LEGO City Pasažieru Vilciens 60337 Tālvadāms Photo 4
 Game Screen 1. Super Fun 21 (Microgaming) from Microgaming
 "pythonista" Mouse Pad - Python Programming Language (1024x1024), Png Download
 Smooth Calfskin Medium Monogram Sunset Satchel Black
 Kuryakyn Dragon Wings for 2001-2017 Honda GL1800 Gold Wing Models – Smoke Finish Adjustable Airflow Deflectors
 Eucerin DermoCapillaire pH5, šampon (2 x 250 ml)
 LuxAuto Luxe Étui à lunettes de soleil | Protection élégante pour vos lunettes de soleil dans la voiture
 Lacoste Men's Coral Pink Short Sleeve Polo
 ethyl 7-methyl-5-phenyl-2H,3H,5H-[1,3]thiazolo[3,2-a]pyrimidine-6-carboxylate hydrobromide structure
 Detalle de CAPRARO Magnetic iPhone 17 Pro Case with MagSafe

- - - -

Action item: Write out again only the lines from the one with "(1024x1024), Png Download" through the last line of the records above. Keep every word as it stands.

Reply to the exercise:
 "pythonista" Mouse Pad - Python Programming Language (1024x1024), Png Download
 Smooth Calfskin Medium Monogram Sunset Satchel Black
 Kuryakyn Dragon Wings for 2001-2017 Honda GL1800 Gold Wing Models – Smoke Finish Adjustable Airflow Deflectors
 Eucerin DermoCapillaire pH5, šampon (2 x 250 ml)
 LuxAuto Luxe Étui à lunettes de soleil | Protection élégante pour vos lunettes de soleil dans la voiture
 Lacoste Men's Coral Pink Short Sleeve Polo
 ethyl 7-methyl-5-phenyl-2H,3H,5H-[1,3]thiazolo[3,2-a]pyrimidine-6-carboxylate hydrobromide structure
 Detalle de CAPRARO Magnetic iPhone 17 Pro Case with MagSafe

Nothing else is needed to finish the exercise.